Judge Sporkin, 84, Weighs Retirement, Reflects on Career

Casey Sullivan

Last week, we published a post about how the former federal judge Stanley Sporkin served as a mentor figure to a number of prominent securities lawyers who didn’t necessarily come from an elite law school.

It was a different world in the 1960s and 70s, when Sporkin was with the U.S. Securities and Exchange Commission and the agency was in its infancy, Sporkin explained. He was able to make hiring decisions based on gut feeling, not just how someone looked on paper.

“The most important thing I saw in the person was that they could be my friend, and that we could be colleagues and work together,” Sporkin said. “The person had to be smart and they had to believe in what we were doing.”

Today, Sporkin, at age 84, is facing a possible retirement in June, after the lease expires on his office space at 1130 Connecticut Avenue, N.W., where he maintains a solo shop that costs him about $22,500 a month in rent.

“I don’t make that kind of money,” said Sporkin, whose job as Ombudsman for BP America, Inc. is coming to an end. The company had footed the cost of his office in exchange for his work until now, he said.

He has been in small talks, as he put it, with his son Thomas Sporkin at the law firm BuckleySandler , or as Judge Sporkin referred to him: Tommy.

“You know him!?” Sporkin got excited when I mentioned I spoke with Tom on a few stories. “How do you know him?... He’s a good kid.”

Sporkin said that whatever happens, he doesn’t want to work a 9 a.m. to 5 p.m. job anymore.

“You want a certain amount of freedom. I don’t want to get into a high-powered role. I’ve done it. I don’t want to do it again.”

Reflecting on his career, Sporkin noted a number of pivotal moments, and like the securities lawyers who he helped develop, Sporkin attributed much of his success to his own mentor figures.

He recalls that Bill Casey, a top advisor to President Ronald Reagan and director of the CIA in the 1980s, was instrumental in landing him a role on the federal bench.

“We became good friends when he was chair of the SEC. Little did I know that he would go ahead and run the Reagan campaign. I didn’t hear from him for a while and then he called me and said, ‘I want you to be the general counsel of the Export-Import Bank.’”

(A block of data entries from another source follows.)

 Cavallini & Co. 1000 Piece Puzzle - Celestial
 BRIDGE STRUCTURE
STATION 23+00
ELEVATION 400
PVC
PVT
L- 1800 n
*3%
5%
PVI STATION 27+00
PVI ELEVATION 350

Sporkin said he turned the role down because he felt he didn’t have enough banking experience, but later in 1981, took the general counsel position for the CIA when it was offered to him by — again, Casey.

So when the time came that Sporkin felt that he wanted to become a federal judge — as his father had been, Sporkin told Casey, who advocated for him.

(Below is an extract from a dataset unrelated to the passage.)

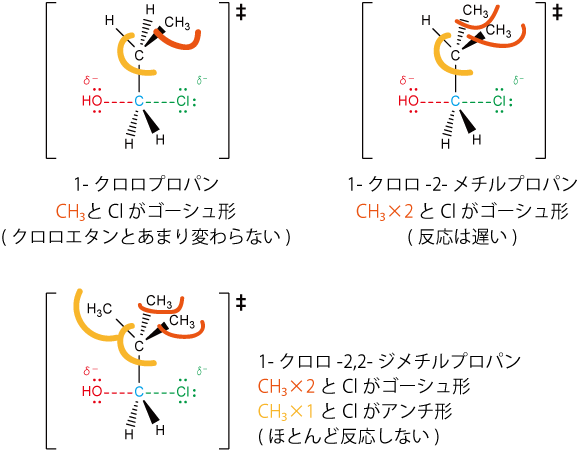 ゴーシュ型 Gauche Effect Japaneseclass Jp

“When I was head of the CIA, he knew I wanted to be a judge, and he had friends in the White House who he knew could make judges. So, without going through the rigmarole, the president called me one day and just said he was going to nominate me.”

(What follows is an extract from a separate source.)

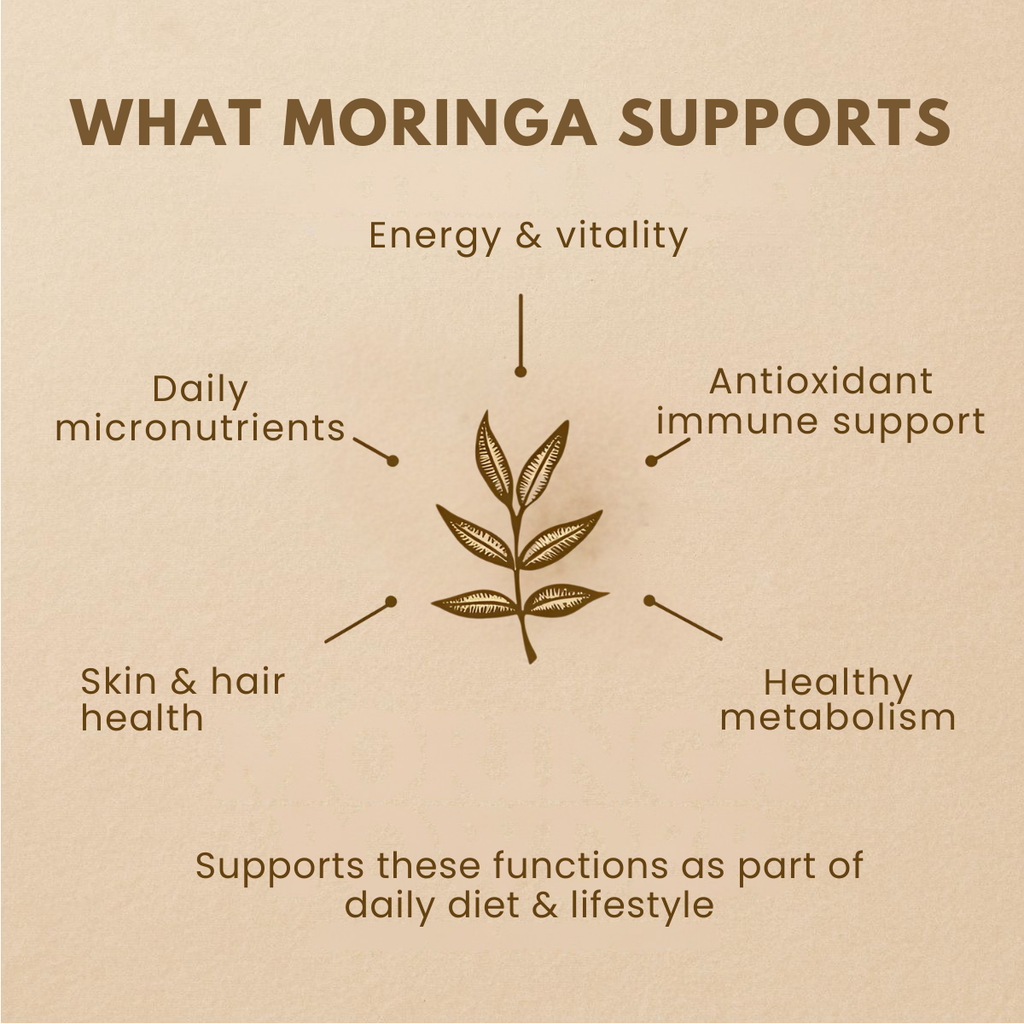 Certified Organic Moringa Powder (200g)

Sporkin became a judge in the U.S. District Court for the District of Columbia and oversaw a number of cases, including one that he remembers particularly well regarding Holocaust survivors seeking restitution from the German government.

“I hear better than I read, so I used to have oral argument in virtually every case, and I liked to listen to the lawyers,” said Sporkin.

In searching for his next chapter, Sporkin said that he is considering continuing work for companies as an Ombudsman, or an appointed official who investigates complaints against a company and communicates them to management.

“Firms need an Ombudsman,” said Sporkin.